A typical "encrypt a string, getting a string result" workflow is:
Convert input text to bytes using UTF-8. The result is a byte array.
Encrypt result of step 1. The result is a byte array.
Convert result of step 2 into base64. The result is a string.
To decrypt:
Convert the string from base64. The result is a byte array.
Decrypt the result of step 1. The result is a byte array.
Convert the result of step 2 back to a string using the same encoding as step 1 of the encryption process.
In DecryptionServiceHelper.GetEncryptedSSN you are encoding the text in IBM037 format BEFORE encrypting.
So the following piece of code is not correct as you are converting the encrypted bytes to ASCII assuming that its in the IBM037 format.
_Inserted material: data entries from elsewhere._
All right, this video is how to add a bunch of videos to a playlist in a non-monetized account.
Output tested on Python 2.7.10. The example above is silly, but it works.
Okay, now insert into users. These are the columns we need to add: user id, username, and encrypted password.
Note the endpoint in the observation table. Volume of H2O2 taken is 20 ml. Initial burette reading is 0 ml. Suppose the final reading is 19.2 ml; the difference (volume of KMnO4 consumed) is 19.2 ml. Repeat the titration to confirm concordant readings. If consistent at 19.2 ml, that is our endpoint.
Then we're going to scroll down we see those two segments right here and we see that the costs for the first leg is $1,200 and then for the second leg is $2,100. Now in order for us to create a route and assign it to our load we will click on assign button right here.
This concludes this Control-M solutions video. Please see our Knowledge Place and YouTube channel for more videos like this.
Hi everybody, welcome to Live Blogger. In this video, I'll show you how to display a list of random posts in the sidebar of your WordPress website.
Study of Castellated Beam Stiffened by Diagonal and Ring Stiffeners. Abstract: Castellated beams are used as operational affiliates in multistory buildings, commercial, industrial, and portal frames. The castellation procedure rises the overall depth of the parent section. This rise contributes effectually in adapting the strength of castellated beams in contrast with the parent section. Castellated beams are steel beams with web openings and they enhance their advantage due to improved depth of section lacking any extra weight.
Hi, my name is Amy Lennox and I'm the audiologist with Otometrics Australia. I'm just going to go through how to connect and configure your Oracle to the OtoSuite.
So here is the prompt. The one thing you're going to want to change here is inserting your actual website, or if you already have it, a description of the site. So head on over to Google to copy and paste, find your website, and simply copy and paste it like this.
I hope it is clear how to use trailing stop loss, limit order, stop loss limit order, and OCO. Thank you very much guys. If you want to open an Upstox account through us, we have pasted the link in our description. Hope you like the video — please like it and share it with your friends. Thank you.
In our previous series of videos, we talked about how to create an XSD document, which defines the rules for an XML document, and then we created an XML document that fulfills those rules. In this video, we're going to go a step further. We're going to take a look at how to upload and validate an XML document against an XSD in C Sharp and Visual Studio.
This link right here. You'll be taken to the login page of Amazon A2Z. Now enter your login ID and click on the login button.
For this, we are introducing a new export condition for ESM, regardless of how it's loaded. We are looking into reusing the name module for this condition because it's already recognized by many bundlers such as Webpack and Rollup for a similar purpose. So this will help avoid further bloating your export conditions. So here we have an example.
That's wrong as the encrypted bytes is not in IBM037 format (the text was encoded before encryption)
//encryptedByteWithIBMEncoding --> Encrypted Byte ASCII
string EncodingFormat = "IBM037";
byte[] encryptedByteWithASCIIEncoding = Encoding.Convert(Encoding.GetEncoding(EncodingFormat), Encoding.ASCII,
encryptedByteWithIBMEncoding);
One possible solution is to encode the encrypted text using IBM037 format, that should fix the issue I guess.